In Haimhausen haben 32 der 120 Asylsuchenden einen Job, weitere 60 befinden sich in der Ausbildung. Doch die deutsche Bürokratie kostet die Helfer viel Zeit. Im vergangenen Jahr wurden viele Flüchtlinge zu ihren Anhörungen geladen, in München, Ingolstadt, Regensburg. Die Helfer fuhren ihre Schützlinge zu den Terminen, leisteten Beistand - und schrieben Briefe. "Wir lernen viel", sagt Detlef Wiese vom Helferkreis Haimhausen. Zum Beispiel, dass das Bundesamt für Migration und Flüchtlinge (Bamf) nicht immer den richtigen Dolmetscher zur Verfügung stellt. Aus Angst sagen die Asylsuchenden oft nichts und verstehen am Ende nur die Hälfte. Also haben Wiese und seine Kollegen angefangen, jede Anhörung vorzubereiten und auf die benötigte Sprache hinzuweisen.

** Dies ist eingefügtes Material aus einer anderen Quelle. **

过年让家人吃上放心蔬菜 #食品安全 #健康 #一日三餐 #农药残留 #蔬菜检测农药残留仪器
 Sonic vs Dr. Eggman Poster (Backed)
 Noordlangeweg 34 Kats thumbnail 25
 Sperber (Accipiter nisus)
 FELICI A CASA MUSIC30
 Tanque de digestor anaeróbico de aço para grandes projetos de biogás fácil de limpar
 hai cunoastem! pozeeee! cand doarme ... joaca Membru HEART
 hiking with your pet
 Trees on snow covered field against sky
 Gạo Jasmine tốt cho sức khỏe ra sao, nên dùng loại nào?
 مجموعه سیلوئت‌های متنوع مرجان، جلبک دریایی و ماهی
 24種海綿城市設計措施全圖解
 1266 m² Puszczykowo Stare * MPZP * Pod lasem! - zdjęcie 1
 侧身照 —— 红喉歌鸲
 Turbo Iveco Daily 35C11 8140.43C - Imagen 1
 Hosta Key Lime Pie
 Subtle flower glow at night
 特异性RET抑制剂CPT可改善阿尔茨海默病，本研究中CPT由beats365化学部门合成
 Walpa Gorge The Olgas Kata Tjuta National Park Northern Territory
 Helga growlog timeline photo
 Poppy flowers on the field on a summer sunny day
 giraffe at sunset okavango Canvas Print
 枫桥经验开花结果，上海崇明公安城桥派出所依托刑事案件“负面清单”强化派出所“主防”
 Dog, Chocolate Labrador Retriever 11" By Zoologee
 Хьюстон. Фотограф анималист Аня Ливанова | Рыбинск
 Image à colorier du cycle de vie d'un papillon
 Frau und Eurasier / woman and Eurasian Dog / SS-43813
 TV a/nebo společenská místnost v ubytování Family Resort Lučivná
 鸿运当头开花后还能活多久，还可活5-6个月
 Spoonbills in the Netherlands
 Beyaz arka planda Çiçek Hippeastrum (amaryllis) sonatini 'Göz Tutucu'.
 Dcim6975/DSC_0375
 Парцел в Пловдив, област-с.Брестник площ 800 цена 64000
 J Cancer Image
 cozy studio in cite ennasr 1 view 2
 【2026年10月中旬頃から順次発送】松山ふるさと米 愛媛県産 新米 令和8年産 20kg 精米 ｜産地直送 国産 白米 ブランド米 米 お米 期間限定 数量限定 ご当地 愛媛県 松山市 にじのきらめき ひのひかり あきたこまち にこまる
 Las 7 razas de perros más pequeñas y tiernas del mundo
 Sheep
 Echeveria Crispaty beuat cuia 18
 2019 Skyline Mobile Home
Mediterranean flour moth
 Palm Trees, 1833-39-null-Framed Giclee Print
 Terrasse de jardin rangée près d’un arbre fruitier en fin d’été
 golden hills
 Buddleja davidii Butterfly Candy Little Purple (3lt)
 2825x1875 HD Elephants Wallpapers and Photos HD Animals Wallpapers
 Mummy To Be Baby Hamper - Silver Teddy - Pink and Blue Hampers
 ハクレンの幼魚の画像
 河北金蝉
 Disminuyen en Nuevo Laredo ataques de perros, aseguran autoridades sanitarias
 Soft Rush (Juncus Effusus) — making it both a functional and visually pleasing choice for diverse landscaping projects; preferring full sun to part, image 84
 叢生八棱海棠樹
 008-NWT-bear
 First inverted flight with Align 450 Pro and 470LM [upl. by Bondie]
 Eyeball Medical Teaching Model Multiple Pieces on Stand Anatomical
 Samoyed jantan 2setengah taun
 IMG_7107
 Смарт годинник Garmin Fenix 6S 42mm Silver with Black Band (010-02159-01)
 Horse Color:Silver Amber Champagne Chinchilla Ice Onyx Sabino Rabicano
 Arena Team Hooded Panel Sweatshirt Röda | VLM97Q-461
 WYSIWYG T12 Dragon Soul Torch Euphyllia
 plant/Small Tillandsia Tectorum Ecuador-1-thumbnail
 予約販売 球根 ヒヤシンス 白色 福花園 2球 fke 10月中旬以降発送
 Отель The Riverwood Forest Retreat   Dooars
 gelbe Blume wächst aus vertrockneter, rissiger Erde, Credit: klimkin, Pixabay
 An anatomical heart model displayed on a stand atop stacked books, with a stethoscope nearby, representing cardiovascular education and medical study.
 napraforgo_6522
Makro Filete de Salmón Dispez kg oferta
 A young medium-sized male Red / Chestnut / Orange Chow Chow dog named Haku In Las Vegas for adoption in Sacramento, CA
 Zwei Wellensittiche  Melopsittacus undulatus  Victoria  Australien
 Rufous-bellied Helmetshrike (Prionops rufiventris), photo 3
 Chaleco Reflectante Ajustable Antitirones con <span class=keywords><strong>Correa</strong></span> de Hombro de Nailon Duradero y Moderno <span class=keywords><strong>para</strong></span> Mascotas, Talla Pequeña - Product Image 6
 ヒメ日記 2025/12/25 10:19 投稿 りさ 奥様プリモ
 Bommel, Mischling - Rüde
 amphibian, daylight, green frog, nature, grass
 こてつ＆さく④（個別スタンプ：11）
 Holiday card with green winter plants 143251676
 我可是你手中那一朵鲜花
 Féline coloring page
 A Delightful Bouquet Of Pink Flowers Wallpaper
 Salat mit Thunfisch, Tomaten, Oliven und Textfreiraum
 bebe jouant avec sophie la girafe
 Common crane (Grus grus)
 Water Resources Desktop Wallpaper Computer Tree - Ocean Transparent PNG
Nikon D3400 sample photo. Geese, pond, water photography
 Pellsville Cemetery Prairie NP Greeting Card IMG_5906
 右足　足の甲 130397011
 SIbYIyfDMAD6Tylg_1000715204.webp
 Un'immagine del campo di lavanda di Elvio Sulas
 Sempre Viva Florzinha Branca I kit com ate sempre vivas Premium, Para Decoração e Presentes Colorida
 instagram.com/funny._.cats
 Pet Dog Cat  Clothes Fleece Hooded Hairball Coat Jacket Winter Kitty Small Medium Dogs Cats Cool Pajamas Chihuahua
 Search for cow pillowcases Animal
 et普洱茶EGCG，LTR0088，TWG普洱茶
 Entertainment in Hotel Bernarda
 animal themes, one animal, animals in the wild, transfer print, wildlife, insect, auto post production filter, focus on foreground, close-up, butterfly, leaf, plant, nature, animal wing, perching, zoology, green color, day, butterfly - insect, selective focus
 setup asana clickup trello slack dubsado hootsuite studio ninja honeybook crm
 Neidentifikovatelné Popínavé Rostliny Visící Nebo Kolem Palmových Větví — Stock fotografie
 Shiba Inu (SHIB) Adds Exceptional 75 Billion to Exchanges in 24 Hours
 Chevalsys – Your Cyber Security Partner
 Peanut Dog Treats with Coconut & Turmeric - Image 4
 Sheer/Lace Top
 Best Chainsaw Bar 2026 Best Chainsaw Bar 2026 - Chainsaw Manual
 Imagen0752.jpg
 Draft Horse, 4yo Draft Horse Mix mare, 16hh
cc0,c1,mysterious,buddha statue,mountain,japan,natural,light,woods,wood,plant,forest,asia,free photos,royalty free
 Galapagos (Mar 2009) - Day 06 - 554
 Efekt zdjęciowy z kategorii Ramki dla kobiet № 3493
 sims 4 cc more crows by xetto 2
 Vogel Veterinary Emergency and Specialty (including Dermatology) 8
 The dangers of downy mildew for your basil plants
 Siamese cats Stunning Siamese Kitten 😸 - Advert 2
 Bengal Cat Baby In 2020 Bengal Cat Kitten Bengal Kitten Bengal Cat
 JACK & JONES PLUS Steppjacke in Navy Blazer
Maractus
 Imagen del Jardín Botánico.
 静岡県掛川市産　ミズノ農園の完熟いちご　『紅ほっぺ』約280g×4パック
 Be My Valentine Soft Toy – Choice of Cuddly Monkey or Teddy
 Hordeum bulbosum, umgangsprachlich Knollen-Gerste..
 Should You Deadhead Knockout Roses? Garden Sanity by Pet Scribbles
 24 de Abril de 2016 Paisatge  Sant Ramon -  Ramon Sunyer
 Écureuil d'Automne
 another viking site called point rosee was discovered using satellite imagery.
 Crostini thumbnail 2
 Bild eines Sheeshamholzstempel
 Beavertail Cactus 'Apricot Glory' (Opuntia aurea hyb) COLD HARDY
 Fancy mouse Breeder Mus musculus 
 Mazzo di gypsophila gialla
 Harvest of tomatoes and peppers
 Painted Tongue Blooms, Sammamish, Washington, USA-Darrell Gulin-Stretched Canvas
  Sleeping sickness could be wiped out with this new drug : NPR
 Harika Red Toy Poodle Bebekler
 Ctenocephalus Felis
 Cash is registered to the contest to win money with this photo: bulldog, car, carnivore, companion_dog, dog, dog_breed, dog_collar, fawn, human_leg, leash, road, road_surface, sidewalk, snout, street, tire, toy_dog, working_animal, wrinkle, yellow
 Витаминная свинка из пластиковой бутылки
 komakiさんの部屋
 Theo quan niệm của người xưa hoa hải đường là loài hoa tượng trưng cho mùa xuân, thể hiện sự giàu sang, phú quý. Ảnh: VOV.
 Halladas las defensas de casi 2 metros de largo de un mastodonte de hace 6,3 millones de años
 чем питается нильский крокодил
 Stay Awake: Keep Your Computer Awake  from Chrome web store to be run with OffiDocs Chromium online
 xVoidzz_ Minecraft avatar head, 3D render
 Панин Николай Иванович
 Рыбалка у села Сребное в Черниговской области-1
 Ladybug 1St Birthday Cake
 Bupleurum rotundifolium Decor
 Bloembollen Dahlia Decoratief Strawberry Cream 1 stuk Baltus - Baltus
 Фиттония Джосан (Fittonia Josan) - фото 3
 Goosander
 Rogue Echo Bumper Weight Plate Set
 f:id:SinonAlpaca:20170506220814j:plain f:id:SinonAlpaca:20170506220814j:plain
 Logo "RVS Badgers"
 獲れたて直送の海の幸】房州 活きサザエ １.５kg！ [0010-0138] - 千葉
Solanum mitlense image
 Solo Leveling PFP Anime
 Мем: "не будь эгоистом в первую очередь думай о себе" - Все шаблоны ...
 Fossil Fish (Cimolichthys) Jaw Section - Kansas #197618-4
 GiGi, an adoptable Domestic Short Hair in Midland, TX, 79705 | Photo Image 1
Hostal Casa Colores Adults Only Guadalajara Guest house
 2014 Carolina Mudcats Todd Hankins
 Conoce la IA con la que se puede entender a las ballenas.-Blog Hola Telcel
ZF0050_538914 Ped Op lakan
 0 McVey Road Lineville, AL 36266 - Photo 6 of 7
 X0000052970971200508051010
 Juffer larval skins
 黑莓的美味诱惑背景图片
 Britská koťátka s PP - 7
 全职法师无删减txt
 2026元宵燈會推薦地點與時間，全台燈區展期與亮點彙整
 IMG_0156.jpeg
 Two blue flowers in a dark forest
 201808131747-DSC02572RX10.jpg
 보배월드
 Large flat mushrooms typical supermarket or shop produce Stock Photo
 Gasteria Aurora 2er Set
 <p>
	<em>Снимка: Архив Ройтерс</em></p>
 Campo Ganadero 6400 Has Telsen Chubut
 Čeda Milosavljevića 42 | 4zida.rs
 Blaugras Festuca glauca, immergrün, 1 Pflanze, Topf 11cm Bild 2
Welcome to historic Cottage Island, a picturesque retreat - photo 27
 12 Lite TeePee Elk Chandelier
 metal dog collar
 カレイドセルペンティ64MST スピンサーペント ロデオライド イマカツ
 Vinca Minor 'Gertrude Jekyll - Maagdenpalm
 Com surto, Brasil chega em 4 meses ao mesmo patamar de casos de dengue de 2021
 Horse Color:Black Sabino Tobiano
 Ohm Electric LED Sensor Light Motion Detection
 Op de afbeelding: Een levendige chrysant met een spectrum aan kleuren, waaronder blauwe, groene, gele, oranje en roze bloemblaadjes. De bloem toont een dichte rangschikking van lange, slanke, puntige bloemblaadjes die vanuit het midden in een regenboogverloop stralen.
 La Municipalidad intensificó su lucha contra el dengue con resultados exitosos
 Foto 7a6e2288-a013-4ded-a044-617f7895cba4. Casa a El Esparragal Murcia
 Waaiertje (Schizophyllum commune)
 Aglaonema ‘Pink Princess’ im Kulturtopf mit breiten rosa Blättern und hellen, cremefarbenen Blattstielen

Zusammenarbeit mit Landratsamt hat sich verbessert

Lobende Worte finden Wiese, Eckardt und Barth für das Landratsamt. Die Zusammenarbeit habe sich verbessert. "Es gibt inhaltliche Aspekte, über die gestritten wird, aber der gegenseitige Respekt ist da", sagt Barth. Das Landratsamt erlaubt zum Beispiel, dass anerkannte Flüchtlinge in den Unterkünften bleiben. Wohnungen zu finden, ist überall im Landkreis nahezu unmöglich. In Dachau und Petershausen gab es Fälle, in denen hilfsbereite Vermieter ihre Angebote zurückzogen, nachdem sie von Nachbarn und Angehörigen unter Druck gesetzt worden waren. Der Helferkreis Hebertshausen hat kürzlich eine Wohnung für eine syrische Familie gefunden, doch überall willkommen sind die Fremden noch lange nicht.

Wiese und Eckardt verschweigen auch nicht ihre eigenen Verständigungs- oder Verständnisprobleme. Es gebe ein paar Bewohner in der Flüchtlingsunterkunft, die nicht übermäßig interessiert am Deutschlernen seien, sagt Wiese. Eckardt berichtet davon, dass Eltern beigebracht werden müsse, besser auf ihre Kinder zu achten und im Straßenverkehr Regeln zu beachten. Alle drei Helfer wissen von Flüchtlingen zu berichten, die aus ihrer Unterkunft verschwunden sind. Hinter Eingewöhnungsschwierigkeiten sieht Eckardt allerdings auch ein großes Problem, das die Helfer nicht lösen können: unbewältigte Traumata. "Die Flüchtlinge bräuchten viel mehr psychologische Betreuung", sagt er. Viele Probleme würden gar nicht angegangen.